At full strength Fort Charles had a garrison of 150 men enclosed in a wooden stockade. In 1688, however, the political situation in England changed when King James II was overthrown in the Glorious Revolution. As a protégé of King James, the unpopular Governor Andros was arrested and deported. At Fort Charles the result was that most of the soldiers immediately deserted. When King William’s War (1689-1697) broke out, only a handful of men remained to protect the local population.

In August 1689, Edward Randolph, one of Andros’s subordinates, wrote from prison in Boston, “The Indians have overrun two hundred miles of coast. They have taken the town and fort of Pemaquid.” The town was cut off from the fort so that only a few survivors were able to find refuge. At Fort Charles, Lieutenant James Weems wrote, “I was attacked by a great body of French and Indians, and having lost all but eight of my men I was obliged to capitulate”.  Fort Charles was destroyed and the English abandoned mid-coast Maine until 1692, when the decision was made to build Fort William Henry.
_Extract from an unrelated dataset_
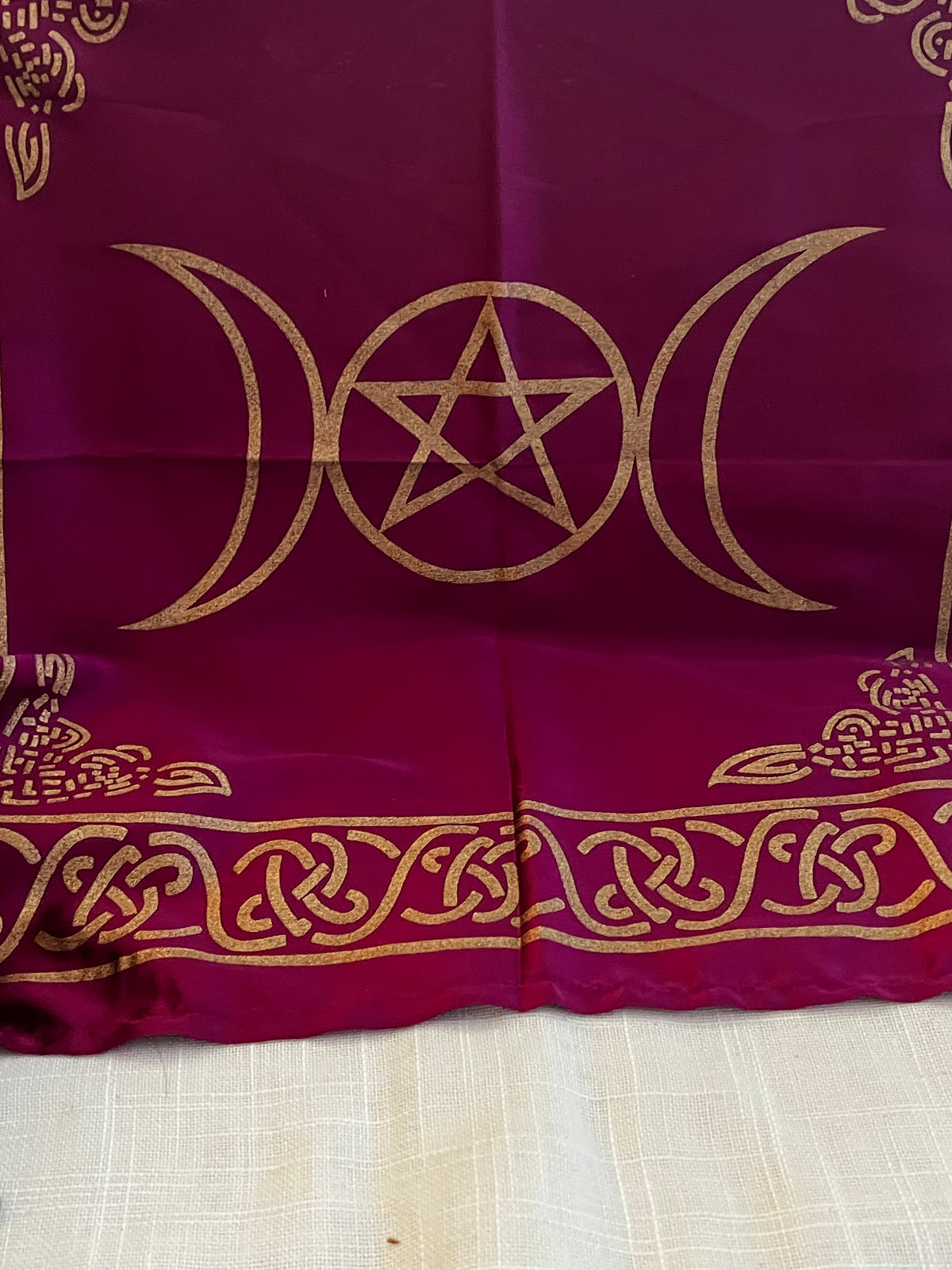 Altar cloth
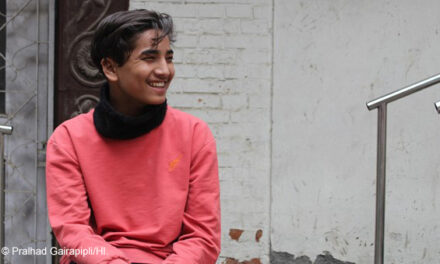 How schools in Nepal are including children with disabilities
For years, following the destruction of Fort William Henry in 1696, the Colony of Massachusetts refused to re-fortify the Pemaquid area, citing the expense and strategic insignificance of the location. Then in 1729, Colonel David Dunbar, imported Scots-Irish immigrants from Boston and re-established a settlement.

In 1732 Fort Frederick was built on the ruins of Fort William Henry. For the next 27 years the size of the garrison varied, depending on relations with the French and Abenaki tribes. Finally in 1759 the Massachusetts legislature decided that the site had become irrelevant due to the construction of Fort Pownal in Penobscot Bay, and the end of the French and Indian War. The remaining garrison was removed in 1761 and the fort was destroyed at the start of the American Revolution.

Whatever happened to Pasco Chubb? The traitorous Captain, and his wife and daughter, were discovered living in Andover. In 1698 a group of 30 Abenaki attacked and killed the family to avenge the death of Chief Edgeremet and his sons. The villainous Captain Chubb was reportedly shot several times through the head, just to make sure he was dead.

Today the tower of Fort William Henry and the nearby Fort House, are open to the public. An impressive exhibition, “Guns, Politics, and Furs,” by Neill De Paoli, can be seen on the second floor of the fort’s stone tower, which also provides a magnificent view of John’s Bay. Fort William Henrys is open daily from 9:00 a.m. to 6:00 p.m. Memorial Day through Labor Day.